Belfast

Wenn Luke unsicher gewesen war was es mit dem Abstecher nach Leicester auf sich hatte, dann hatte er seine Antwort schließlich erhalten. Oscars Idee hatte ihnen einen unbeschwerten und wirklich schönen Zwischenstopp beschert und Gabriel schien danach viel gelöster und zuversichtlicher. Abgesehen davon, hatten sie auf der Weiterfahrt nach Liverpool ein Thema, über das sie noch eine ganze Weile redeten. Der Blonde bekam die einzelnen Gräueltaten des Shakespeare- Bösewichts nicht mehr alle auf eine Reihe und so las er gemeinsam mit seinem Freund auf dem Handy abwechselnd eine Zusammenfassung vor. Schließlich kamen sie so in Liverpool an.
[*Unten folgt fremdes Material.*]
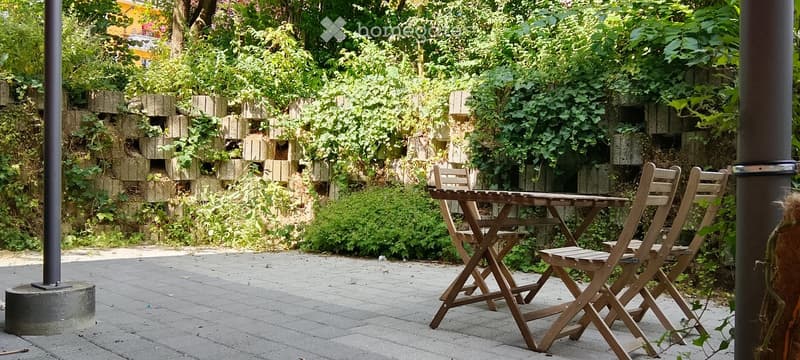 A small outdoor seating area with a wooden table and four folding chairs, surrounded by lush greenery and a stone wall.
Am Anleger im Hafen wurde die Stimmung mit einem Mal ernst. Beim Anblick der offenen See und der Fähre schien Gabriel nun zu realisieren, dass sie sich wirklich auf dem Weg in seine Heimat befanden. Er atmete Seeluft, wie damals, als er Belfast auf der Flucht verlassen musste. Wie damals sah er die Möwen kreisen und ihr Geschrei erinnerte ihn daran, dass er sich geschworen hatte, nicht zurückzublicken. Niemals wieder sollte ihn jemand anschreien, anbinden oder anfassen. Nicht ohne Gegenwehr, nicht ungestraft.

„Was hast du", fragte Luke, der neben Ginger auf der Rückbank saß, noch dichter zu ihm heranrückte und seinem Blick folgte.

„Nichts weiter. Nur böse Erinnerungen."

Allein die Vögel kamen in Frage, dort wo der Tänzer hinschaute und der Blonde überlegte, ob er nachfragen sollte, was es damit auf sich hatte, doch stattdessen fasste er ihn sanft am Kinn und drehte ihn zu sich, bis sie sich in die Augen sehen konnten.

„Wenn böse Erinnerungen kommen, dann schau auf mich, Gabriel. Versprichst du mir das?"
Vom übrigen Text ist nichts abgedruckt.